MFC 261991:

Upgrade our copy of llvm/clang to 3.4 release.  This version supports
all of the features in the current working draft of the upcoming C++
standard, provisionally named C++1y.

The code generator's performance is greatly increased, and the loop
auto-vectorizer is now enabled at -Os and -O2 in addition to -O3.  The
PowerPC backend has made several major improvements to code generation
quality and compile time, and the X86, SPARC, ARM32, Aarch64 and SystemZ
backends have all seen major feature work.

Release notes for llvm and clang can be found here:
<http://llvm.org/releases/3.4/docs/ReleaseNotes.html>
<http://llvm.org/releases/3.4/tools/clang/docs/ReleaseNotes.html>

MFC 262121 (by emaste):

Update lldb for clang/llvm 3.4 import

This commit largely restores the lldb source to the upstream r196259
snapshot with the addition of threaded inferior support and a few bug
fixes.

Specific upstream lldb revisions restored include:
   SVN      git
  181387  779e6ac
  181703  7bef4e2
  182099  b31044e
  182650  f2dcf35
  182683  0d91b80
  183862  15c1774
  183929  99447a6
  184177  0b2934b
  184948  4dc3761
  184954  007e7bc
  186990  eebd175

Sponsored by:	DARPA, AFRL

MFC 262186 (by emaste):

Fix mismerge in r262121

A break statement was lost in the merge.  The error had no functional
impact, but restore it to reduce the diff against upstream.

MFC 262303:

Pull in r197521 from upstream clang trunk (by rdivacky):

  Use the integrated assembler by default on FreeBSD/ppc and ppc64.

Requested by:	jhibbits

MFC 262611:

Pull in r196874 from upstream llvm trunk:

  Fix a crash that occurs when PWD is invalid.

  MCJIT needs to be able to run in hostile environments, even when PWD
  is invalid.
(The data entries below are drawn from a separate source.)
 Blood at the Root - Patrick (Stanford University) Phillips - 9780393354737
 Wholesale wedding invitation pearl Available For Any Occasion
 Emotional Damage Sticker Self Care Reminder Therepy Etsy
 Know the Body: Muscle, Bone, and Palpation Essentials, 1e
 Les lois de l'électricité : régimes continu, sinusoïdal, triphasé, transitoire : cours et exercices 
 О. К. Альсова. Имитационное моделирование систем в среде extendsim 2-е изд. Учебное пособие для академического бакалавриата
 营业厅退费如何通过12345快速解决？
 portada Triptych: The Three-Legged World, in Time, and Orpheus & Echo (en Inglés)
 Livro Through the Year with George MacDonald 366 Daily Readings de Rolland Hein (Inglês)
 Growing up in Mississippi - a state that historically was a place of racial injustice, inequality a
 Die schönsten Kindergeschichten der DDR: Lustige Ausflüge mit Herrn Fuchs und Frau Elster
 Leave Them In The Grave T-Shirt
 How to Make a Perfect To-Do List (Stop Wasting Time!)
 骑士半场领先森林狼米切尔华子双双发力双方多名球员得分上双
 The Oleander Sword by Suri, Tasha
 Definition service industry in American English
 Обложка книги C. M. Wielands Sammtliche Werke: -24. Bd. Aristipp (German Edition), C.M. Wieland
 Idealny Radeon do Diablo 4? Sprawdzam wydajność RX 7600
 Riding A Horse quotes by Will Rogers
There's no need to crash MCJIT in this case.

  The obvious fix is to simply leave MCContext's CompilationDir empty
  when PWD can't be determined. This way, MCJIT clients,
  and other clients that link with LLVM don't need a valid working directory.

  If we do want to guarantee valid CompilationDir, that should be done
  only for clients of getCompilationDir(). This is as simple as checking
  for an empty string.

  The only current use of getCompilationDir is EmitGenDwarfInfo, which
  won't conceivably run with an invalid working dir. However, in the
  purely hypothetically and untestable case that this happens, the
  AT_comp_dir will be omitted from the compilation_unit DIE.

This should help fix assertions occurring with ports-mgmt/tinderbox,
when it is using jails, and sometimes invalidates clang's current
working directory.

Reported by:	decke

MFC 262809:

Pull in r203007 from upstream clang trunk:

  Don't produce an alias between destructors with different calling conventions.

  Fixes pr19007.

(Please note that is an LLVM PR identifier, not a FreeBSD one.)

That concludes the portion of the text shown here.